If you're on Windows, the Microsoft DirectShow API may be the way to go. You should find that is is capable of doing things with audio and video both statically and streaming, in a variety of formats (you only need the necessary codecs, and the interface is virtually the same for all).
Saying this, DirectShow is unfortunately designed in a horribly intricate way, and has a steep learning curve, but the power it offers in unparallel if you're going to be doing audio/video manipulation on Windows. There are however a great number of samples and tutorials on how to use it, so it may not be so painful in the end. Also, if you're using the .NET Framework, there is a managed wrapped by the name of DirectShow.NET. It's not going to be an easy task whatever you do, unless there's something out there than I'm not aware of.
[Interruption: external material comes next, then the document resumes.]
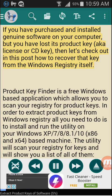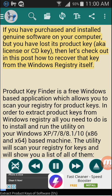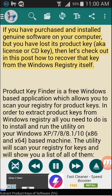If you have purchased and installed genuine software on your computer, but you have lost its product key, also known as a license or CD key, then let's check out in this post how to recover that key from the Windows registry itself.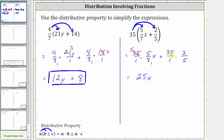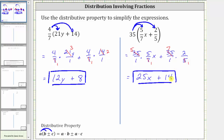Simplifying before multiplying for the second term, there's a common factor of five between five and 35. Five divided by five is one, and 35 divided by five is seven — or one five in five and seven fives in 35. Now we just have seven times two, which is 14, giving us a simplified expression of 25x plus 14. I hope you found this helpful.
Good luck with it anyway!
I approached a very similar problem, and after asking the right questions at various sources came up with the following...
Any worthy decoder will skip "bad" data until it hits a valid frame header. This is what ID3v2 relies upon to inject additional information into mp3 data. At the server, I'd go with analysis of source MP3 files to only serve valid MP3 frames. If you serve a few silent frames (about 7 should do it), the decoder should have time to settle before ramping up for the next load of (unassociated) MP3 data, avoiding the artefacts you (correctly) assume when concatenating frames from different encoding sessions.
More problematic is the possible switching of MP3 attributes (1/2 channels, output sample rate etc) between one frame to the next. Some decoders get quite upset when confronted with such a stream, resulting in 1/2 speed playback and the like. So, you need to ensure that all your source material is encoded to the same output attributes otherwise you may come unstuck.
You may have seen this already, but if not:
http://www.devhood.com/tutorials/tutorial_details.aspx?tutorial_id=79&printer=t
I don't see why you would want to concatenate the files. Why don't you use some sort of play list system and just change which file your sending. I would think this would allow more flexibility in the long run, and you wouldn't end up with large MP3 files.